== THE TASK ==
Only the pictures are to be dropped; the rest of the data below is to be duplicated exactly.

--------------------------------------------------

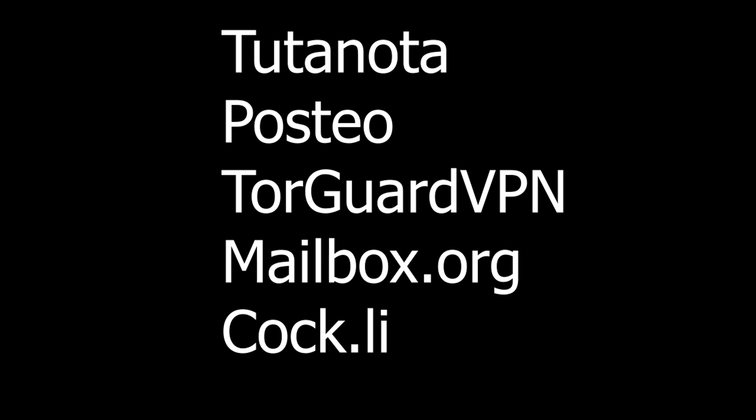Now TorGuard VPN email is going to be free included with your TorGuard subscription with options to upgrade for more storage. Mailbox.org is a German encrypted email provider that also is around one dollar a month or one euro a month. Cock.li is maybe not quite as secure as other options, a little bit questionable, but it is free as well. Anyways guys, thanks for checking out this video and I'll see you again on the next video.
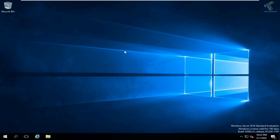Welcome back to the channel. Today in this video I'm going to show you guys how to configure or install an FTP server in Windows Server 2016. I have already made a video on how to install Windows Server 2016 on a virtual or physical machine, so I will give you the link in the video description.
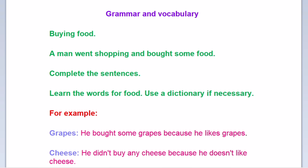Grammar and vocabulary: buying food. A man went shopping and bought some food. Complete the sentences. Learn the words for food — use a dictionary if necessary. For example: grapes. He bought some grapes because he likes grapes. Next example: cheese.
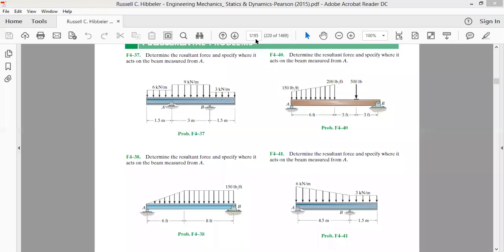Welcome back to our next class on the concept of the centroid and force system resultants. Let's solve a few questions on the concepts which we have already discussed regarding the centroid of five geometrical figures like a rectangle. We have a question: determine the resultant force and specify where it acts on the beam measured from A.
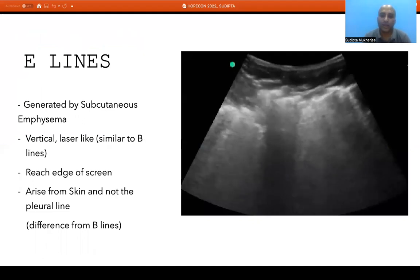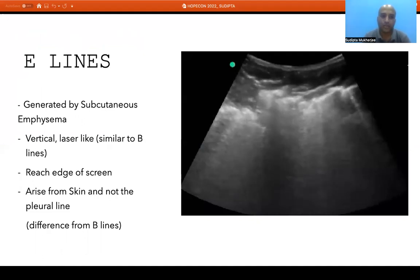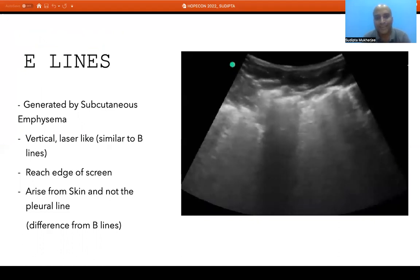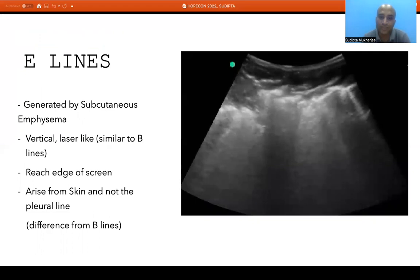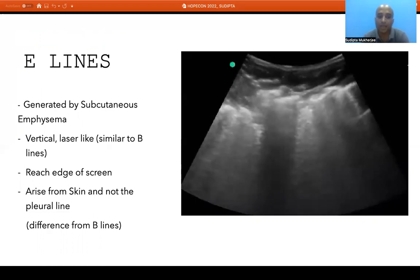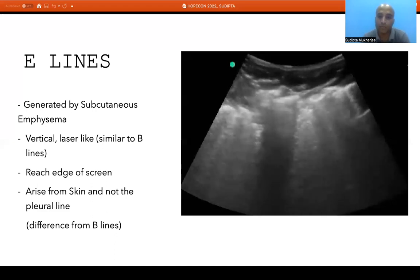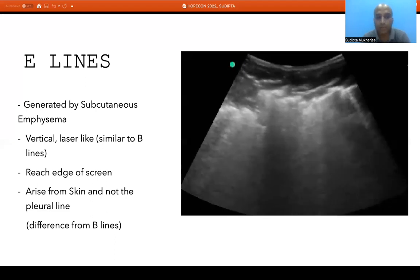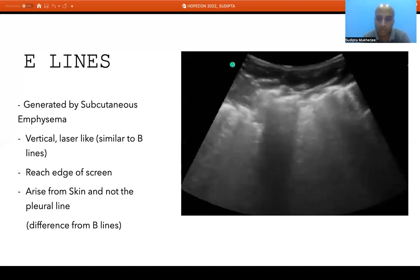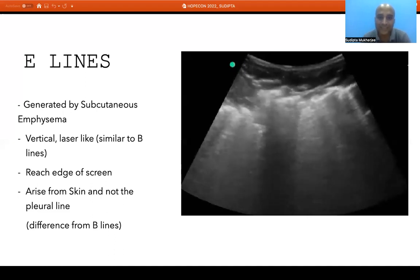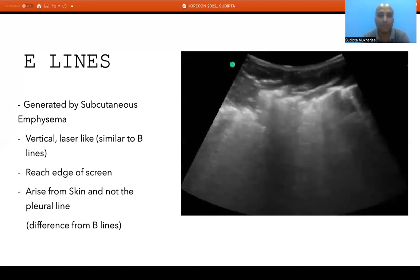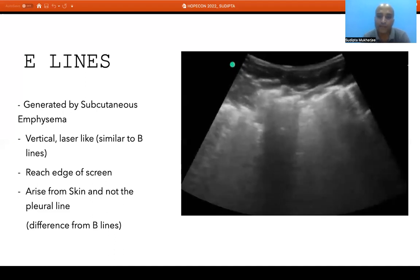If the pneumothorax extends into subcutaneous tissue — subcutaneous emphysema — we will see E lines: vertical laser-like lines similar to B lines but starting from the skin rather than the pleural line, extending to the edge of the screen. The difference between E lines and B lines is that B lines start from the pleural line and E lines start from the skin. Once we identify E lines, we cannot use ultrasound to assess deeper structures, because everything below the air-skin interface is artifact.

--------------------------------------------------

== EXPECTED ANSWER ==
Now TorGuard VPN email is going to be free included with your TorGuard subscription with options to upgrade for more storage. Mailbox.org is a German encrypted email provider that also is around one dollar a month or one euro a month. Cock.li is maybe not quite as secure as other options, a little bit questionable, but it is free as well. Anyways guys, thanks for checking out this video and I'll see you again on the next video.
Welcome back to the channel. Today in this video I'm going to show you guys how to configure or install an FTP server in Windows Server 2016. I have already made a video on how to install Windows Server 2016 on a virtual or physical machine, so I will give you the link in the video description.
Grammar and vocabulary: buying food. A man went shopping and bought some food. Complete the sentences. Learn the words for food — use a dictionary if necessary. For example: grapes. He bought some grapes because he likes grapes. Next example: cheese.
Welcome back to our next class on the concept of the centroid and force system resultants. Let's solve a few questions on the concepts which we have already discussed regarding the centroid of five geometrical figures like a rectangle. We have a question: determine the resultant force and specify where it acts on the beam measured from A.
If the pneumothorax extends into subcutaneous tissue — subcutaneous emphysema — we will see E lines: vertical laser-like lines similar to B lines but starting from the skin rather than the pleural line, extending to the edge of the screen. The difference between E lines and B lines is that B lines start from the pleural line and E lines start from the skin. Once we identify E lines, we cannot use ultrasound to assess deeper structures, because everything below the air-skin interface is artifact.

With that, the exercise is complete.